BEGIN
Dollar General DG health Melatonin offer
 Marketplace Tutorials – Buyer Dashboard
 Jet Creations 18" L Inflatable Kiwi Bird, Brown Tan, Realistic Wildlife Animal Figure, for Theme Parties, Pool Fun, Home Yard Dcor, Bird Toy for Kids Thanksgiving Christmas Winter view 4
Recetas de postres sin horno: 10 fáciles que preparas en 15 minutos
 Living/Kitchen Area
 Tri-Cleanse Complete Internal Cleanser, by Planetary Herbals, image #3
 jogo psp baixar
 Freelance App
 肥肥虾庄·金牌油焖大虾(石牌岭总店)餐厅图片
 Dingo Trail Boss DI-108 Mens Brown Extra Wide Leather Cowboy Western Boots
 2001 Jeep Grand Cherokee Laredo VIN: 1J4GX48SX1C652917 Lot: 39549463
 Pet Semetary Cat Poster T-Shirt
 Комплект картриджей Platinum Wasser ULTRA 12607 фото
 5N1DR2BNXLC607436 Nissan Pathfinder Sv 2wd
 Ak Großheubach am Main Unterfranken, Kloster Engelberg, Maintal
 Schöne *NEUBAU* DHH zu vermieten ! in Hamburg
END
→ Exercise prompt: Please reproduce exactly the lines from the first one of the records above through the line containing "Recetas de postres", both included, and nothing else.

→ Reply:
Dollar General DG health Melatonin offer
 Marketplace Tutorials – Buyer Dashboard
 Jet Creations 18" L Inflatable Kiwi Bird, Brown Tan, Realistic Wildlife Animal Figure, for Theme Parties, Pool Fun, Home Yard Dcor, Bird Toy for Kids Thanksgiving Christmas Winter view 4
Recetas de postres sin horno: 10 fáciles que preparas en 15 minutos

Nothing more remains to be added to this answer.